The activation matrix can be operational as being a two-dimensional matrix, such as by ignoring the “B” dimension. Similarly, the weight matrix can be operational as being a two-dimensional matrix. The number of the plurality of activation matrix chunks is equal to the number of the plurality of weight matrix chunks.

Act 725 includes performing a first matrix multiplication operation using the first activation matrix chunk and the first weight matrix chunk. For instance, the row parallel GEMM operation 420A of FIG. 4A is representative of this first matrix multiplication operation.

Concurrently with (i.e. in an overlapping manner with) performing the first matrix multiplication operation, act 730 includes transmitting the first weight matrix chunk (or at least a copy) to a first neighboring computer system, which is included among the plurality of computer systems. Notably, the first activation matrix chunk remains stationary on the computer system. Also concurrently with performing the first matrix multiplication operation, a second weight matrix chunk is received by the computer system from another computer system.

Act 735 includes accumulating, at an output tensor, a first result of performing the first matrix multiplication operation.

Method 700 continues in FIG. 7B. Method 700 includes an act (act 740) of replacing the first weight matrix chunk with a second weight matrix chunk that is received from the first neighboring computer system. Notably, at any given time, no more than two weight matrix chunks are stored on the computer system.

The second weight matrix chunk is received in an asynchronous manner from the first neighboring computer system. In some scenarios, the second weight matrix chunk is transmitted from the first neighboring computer system while the first matrix multiplication operation is being performed using the first activation matrix chunk and the first weight matrix chunk. Optionally, the transmission of the second weight matrix chunk is initiated by the first neighboring computer system while the first matrix multiplication operation is being performed using the first activation matrix chunk and the first weight matrix chunk on the computer system.

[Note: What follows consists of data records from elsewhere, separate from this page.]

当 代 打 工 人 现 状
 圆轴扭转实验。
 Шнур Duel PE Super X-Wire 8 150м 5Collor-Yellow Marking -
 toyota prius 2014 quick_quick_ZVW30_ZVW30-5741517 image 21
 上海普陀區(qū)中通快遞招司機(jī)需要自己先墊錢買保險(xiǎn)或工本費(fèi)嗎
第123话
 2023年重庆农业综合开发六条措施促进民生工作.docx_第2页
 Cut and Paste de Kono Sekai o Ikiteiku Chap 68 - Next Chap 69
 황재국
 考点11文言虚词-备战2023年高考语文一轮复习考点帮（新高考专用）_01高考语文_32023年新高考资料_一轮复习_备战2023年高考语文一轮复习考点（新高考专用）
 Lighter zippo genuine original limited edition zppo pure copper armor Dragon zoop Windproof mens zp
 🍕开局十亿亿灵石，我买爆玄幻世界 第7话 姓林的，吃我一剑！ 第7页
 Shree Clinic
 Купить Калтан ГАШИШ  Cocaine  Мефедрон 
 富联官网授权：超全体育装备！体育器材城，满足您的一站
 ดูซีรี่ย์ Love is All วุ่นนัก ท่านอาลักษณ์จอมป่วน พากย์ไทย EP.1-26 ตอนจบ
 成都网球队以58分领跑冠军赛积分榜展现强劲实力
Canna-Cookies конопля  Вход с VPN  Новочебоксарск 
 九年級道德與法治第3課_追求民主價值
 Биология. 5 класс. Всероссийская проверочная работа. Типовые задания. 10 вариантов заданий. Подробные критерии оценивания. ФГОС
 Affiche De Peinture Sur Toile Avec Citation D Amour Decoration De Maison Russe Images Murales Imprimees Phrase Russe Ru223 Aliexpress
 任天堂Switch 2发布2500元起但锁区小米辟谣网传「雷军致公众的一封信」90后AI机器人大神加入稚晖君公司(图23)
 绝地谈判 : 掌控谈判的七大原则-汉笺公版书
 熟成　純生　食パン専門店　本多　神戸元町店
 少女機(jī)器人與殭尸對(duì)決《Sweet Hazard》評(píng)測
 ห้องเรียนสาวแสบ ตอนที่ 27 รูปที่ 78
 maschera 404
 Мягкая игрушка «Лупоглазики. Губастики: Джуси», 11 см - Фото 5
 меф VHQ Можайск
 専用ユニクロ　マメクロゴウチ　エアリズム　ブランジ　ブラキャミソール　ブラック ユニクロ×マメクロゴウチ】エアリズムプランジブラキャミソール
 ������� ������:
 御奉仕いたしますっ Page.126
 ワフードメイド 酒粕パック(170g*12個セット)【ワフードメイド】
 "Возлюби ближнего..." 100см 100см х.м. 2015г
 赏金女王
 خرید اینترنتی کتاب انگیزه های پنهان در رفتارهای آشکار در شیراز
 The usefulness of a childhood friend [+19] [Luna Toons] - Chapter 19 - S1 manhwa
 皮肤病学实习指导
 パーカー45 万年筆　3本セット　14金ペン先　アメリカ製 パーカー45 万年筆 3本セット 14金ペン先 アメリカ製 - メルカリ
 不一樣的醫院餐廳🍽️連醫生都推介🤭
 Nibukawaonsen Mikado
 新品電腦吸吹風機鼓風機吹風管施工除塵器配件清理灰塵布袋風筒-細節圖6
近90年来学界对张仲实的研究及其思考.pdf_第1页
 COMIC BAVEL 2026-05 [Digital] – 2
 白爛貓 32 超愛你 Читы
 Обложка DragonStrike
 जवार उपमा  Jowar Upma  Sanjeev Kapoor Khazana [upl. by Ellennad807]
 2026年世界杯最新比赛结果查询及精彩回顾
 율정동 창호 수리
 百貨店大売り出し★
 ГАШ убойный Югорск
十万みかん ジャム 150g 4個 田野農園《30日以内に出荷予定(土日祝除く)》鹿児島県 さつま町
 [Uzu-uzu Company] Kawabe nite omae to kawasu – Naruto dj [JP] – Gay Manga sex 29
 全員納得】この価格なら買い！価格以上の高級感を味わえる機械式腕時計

Act 745 includes repeating the first matrix multiplication operation using the first activation matrix chunk and the second weight matrix chunk.

Act 750 then includes accumulating, at the output tensor, a second result of performing the second matrix multiplication operation. If only two weight matrix chunks are involved, then the output 420C of FIG. 4A is produced. If more than two weight matrix chunks are involved, then the process will continue, as described below.

In some implementations, method 700 can include some additional acts that are now shown in FIGS. 7A and 7B. For instance, one act can include identifying a number of computer systems that are included in the plurality of computer systems. Another act can include determining that a number of weight matrix chunks is the same as the number of computer systems.

Based on the number of weight matrix chunks, the embodiments may then perform the following steps. For instance, a first step (i) involves replacing a current weight matrix chunk stored by the computer system with a new weight matrix chunk obtained from a different computer system. A second step (ii) involves repeating the first matrix multiplication operation using the first activation matrix chunk and the new weight matrix chunk. The embodiments may then repeat steps (i) and (ii) until all weight matrix chunks from the plurality of computer systems are used as a part of the first matrix multiplication operation, resulting in a final output tensor. After all weight matrix chunks are involved in the first matrix multiplication operation, the output 420C of FIG. 4A is produced.

The embodiments may then perform a pointwise activation computation on the final output tensor (e.g., the output 420C in FIG. 4A). After the pointwise activation computation is performed (resulting in output 420E in FIG. 4A), the embodiments may then perform a second matrix multiplication operation (e.g., row parallel GEMM 420F) using an output activation matrix chunk included in the final output tensor. The process of performing the second matrix multiplication includes iteratively gathering (e.g., gather 420G) new weight matrix chunks (e.g., weight 420H) and iteratively matrix multiplying each one of the new weight matrix chunks against the output activation matrix chunk, resulting in generation of a final activation matrix chunk (e.g., activation 420I). Thus, the embodiments can perform a pointwise activation computation and then perform a second matrix multiplication operation.

By performing the disclosed operations, the computer system avoids performing a single shot computation. Instead, the computer system performs a tiling operation as a result of operating on the first activation matrix chunk using weight matrix chunks that are individually and successively obtained.

Attention will now be directed to FIG. 8 which illustrates an example computer system 800 that may include and/or be used to perform any of the operations described herein. For instance computer system 800 can be used to implement architecture 300 of FIG. 3. Also, computer system 800 can implement service 305.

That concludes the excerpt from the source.